Setelah Ni Sari dewasa diperistri oleh Wayah Pan Wirna dari Apit Yeh dan mempunyai anak bernama Ni Ngendon.
Ni Ngendon diajak oleh I Pamangku Padangdawa sampai dewasa dan dengan I Karma dari Gianyar.
I Mangku Padangdawa Menjadi pemangku Apuwan digantikan oleh I Mangku Karma serta diberikan pawinih (hasil subak) sebagai imbalan dari Krama Subak Bangah, Subak Apuwan, Munduk Lumbang, dan sebagainya.
Diceritakan I Mangku Karma mempunyai seorang putra bernama I Rena.
Dan setelah I Rena dewasa mengambil istri bernama Ni Barosot dan selanjutnya melahirkan I Sukra.
Lalu I Sukra mengambil istri yang bernama Ni Diyarta, serta melahirkan I Wir.
I Wir melahirkan I Garondong.
Disebutkan rakyat di Daerah Kapal kena penyakit gerubug dan Wayah Pan Rupit bersama Wayah Pan Tunas meninggal.
Masing-masing ini meninggalkan anak masih kecil-kecil dan anak ini diboyong diajak mengungsi desa Jagapati.
Setelah keadaannya selamat, anak ini diserahkan kepada Ida Anak Agung Marga yang diantar oleh Pan Jeger.

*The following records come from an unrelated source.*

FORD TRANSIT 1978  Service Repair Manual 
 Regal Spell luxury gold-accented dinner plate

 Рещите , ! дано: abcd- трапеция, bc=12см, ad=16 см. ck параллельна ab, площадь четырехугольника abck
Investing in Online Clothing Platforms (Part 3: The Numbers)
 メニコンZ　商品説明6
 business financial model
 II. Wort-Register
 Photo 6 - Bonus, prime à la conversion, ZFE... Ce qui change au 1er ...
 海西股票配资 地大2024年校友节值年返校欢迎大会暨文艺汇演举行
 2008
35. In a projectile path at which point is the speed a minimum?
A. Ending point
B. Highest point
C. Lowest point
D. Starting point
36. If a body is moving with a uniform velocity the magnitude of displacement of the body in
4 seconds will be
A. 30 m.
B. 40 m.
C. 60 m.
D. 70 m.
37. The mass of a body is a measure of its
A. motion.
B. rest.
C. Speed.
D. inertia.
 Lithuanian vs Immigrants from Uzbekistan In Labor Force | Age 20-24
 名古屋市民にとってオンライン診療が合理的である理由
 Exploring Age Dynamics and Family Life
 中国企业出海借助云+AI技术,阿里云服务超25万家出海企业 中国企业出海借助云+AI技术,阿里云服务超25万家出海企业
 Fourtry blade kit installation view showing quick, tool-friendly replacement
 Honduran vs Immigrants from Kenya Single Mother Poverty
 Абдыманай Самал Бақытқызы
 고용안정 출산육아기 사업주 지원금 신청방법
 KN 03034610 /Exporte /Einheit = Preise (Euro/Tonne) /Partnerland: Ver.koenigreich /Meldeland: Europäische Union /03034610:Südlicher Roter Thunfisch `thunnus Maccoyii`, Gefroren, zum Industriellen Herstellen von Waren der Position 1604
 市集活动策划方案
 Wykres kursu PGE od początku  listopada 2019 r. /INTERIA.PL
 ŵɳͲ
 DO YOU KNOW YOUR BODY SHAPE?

Di situlah Krama desa menghaturkan sembah dan berjanji akan berbakti kepada Pura di Apuwan, maupun di Pura Luhur Pucak Padangdawa.

Nama/ Judul Babad :
Tapakan Ida Bhatara ring Natarsari
Nomor/ kode :
Va. 4609, Gedong Kirtya Singaraja
Koleksi :
Pan Birawan, Apuwan, Baturiti, Tabanan
Bahasa :
Bali Tengahan
Huruf :
Latin
Jumlah halaman :
20 halaman
Ditulis oleh :
Pan Birawan, Apuwan, Baturiti, Tabanan.
Colophon/ Tahun :
Madasar antuk gagelaran tambet naler majalaran antuk manah ening sakadi banyu maduluran restiti bhakti ring Ida Sanghyang Parama Kawi kaping kalih jalaran pengubhakti ring Ida Bhatara ring pucak Padang Dawa.